Tuesday afternoon at Atlantic Orthopaedic
The next day as we await Dr. Sutherland’s second opinion, the nurses ask Hannah what she is taking for the pain. Extra-strength Tylenol. They perk up, saying admiringly, You are a tough cookie. Dr. Sutherland checks the CT scan and X-rays and confirms that Hannah has a compression of the tibia. She’ll need screws and plates to secure the bone, and possibly a bone graft. He is hopeful and encouraging and our spirits are lifted by his reassuring demeanor and positive attitude.
At the end of our time together, he asks, Are you related to any Rothermels in the area that teach math? Bingo, he’s speaking of Molly. It turns out Molly had been his kids’ eighth grade math teacher at Rye Junior High School in nearby Rye, NH before she moved to Virginia five years ago. Dr. Sutherland beams when he thinks of her and her positive influence on his kids.
Not knowing when to expect an appointment, we wait for the scheduling secretary to meet with Dr. Sutherland. Fifteen minutes later she approaches; Dr. Sutherland would like to set up surgery for Thursday. With wide eyes, You mean this Thursday! It is way more than we had hoped for! She asks, Does that work for you? Yes, yes, a thousand times yes. We are beside ourselves with the second best news since we’ve had since her accident. The first? Dr. Sutherland being her doctor!

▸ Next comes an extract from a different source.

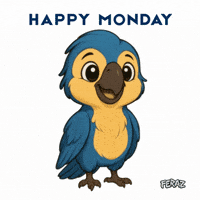 Happy Monday GIF by Feraz NFT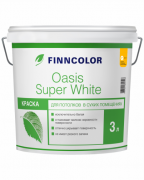 Краска для потолка супербелая Oasis Super White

The 230P time for surgery Thursday seems unusual since we think of surgery happening earlier in the day. Pleased as punch, we see the clouds part, the sun shine, the funk dissipates, and the green malaise oozes from our pores down the drain. We are whole again, well not literally for Hannah, but Dr. S has lifted our spirits and restored our hope. We believe deep in our hearts that he made a special arrangement for Hannah to have the operation so quickly, and we thank the Molly connection, Hannah’s sweet and life affirming disposition, and living in small town New England. We’ve been given Hope.

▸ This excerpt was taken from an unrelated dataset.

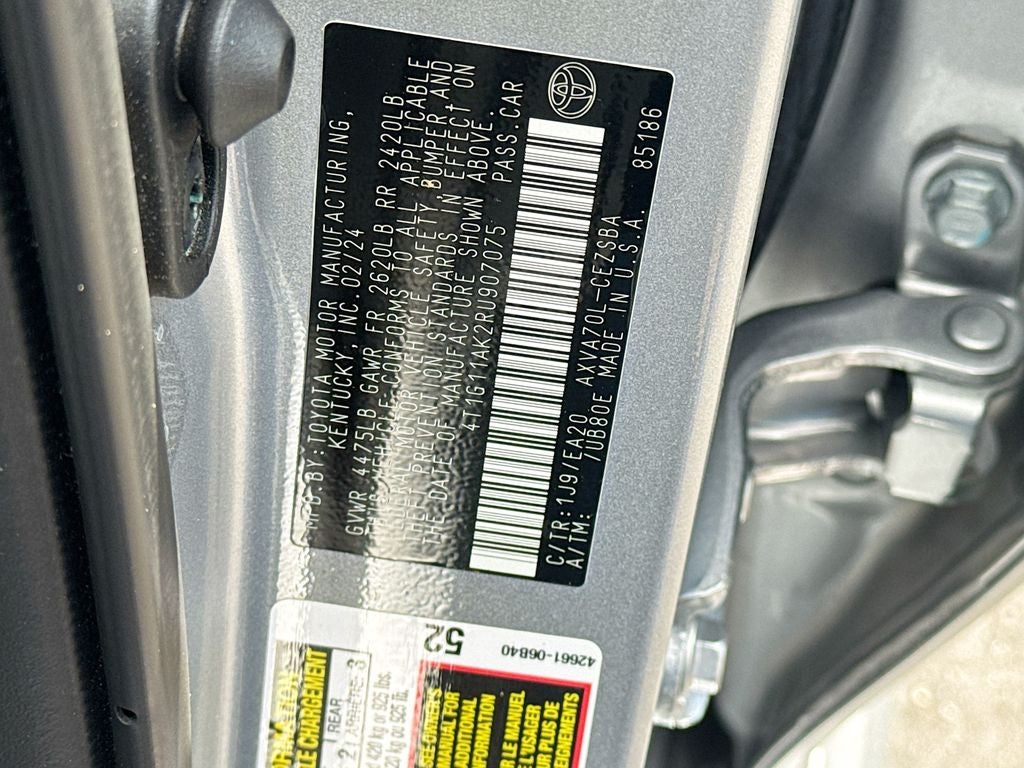 2024 Toyota Camry SE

At the same time, Owen Daniel and Mom and Dad are preparing to head home from the Alexandria (Virginia) hospital.
I have the opportunity to do what I committed to do forty years ago at our wedding on her Dad’s Christmas tree farm in Penfield, NY (i.e., in sickness and in health): care for Hannah. I slowly and tenderly raise her left leg to the waiting pillows on our living room sectional couch. Taking walks around the first floor of our house keeps the blood flowing, Hannah keeps herself occupied; she is adjusting to a new, restricted movement reality. Tapping on our lap top and texting with friends and family, she passes the time. A shower takes 25 minutes, but she’s not going anywhere. Hannah has little interest in TV and never really has. She sleeps on the couch with her left leg propped on pillows. It’s more Extra strength Tylenol for the pain. It’s her best night of sleep in three days. Thank you Dr. Sutherland.
Wednesday we wait, buoyed by the appointment tomorrow afternoon and the doctor who will perform the surgery who gives her confidence. We Skype with Molly and Tip, but it’s Owen who has our full attention. We talk/dream of going to Virginia in a few weeks, not months. The mission of our visit has been altered for Hannah; it will not be to cook and housekeep, but to hold her grandson as they rock as one.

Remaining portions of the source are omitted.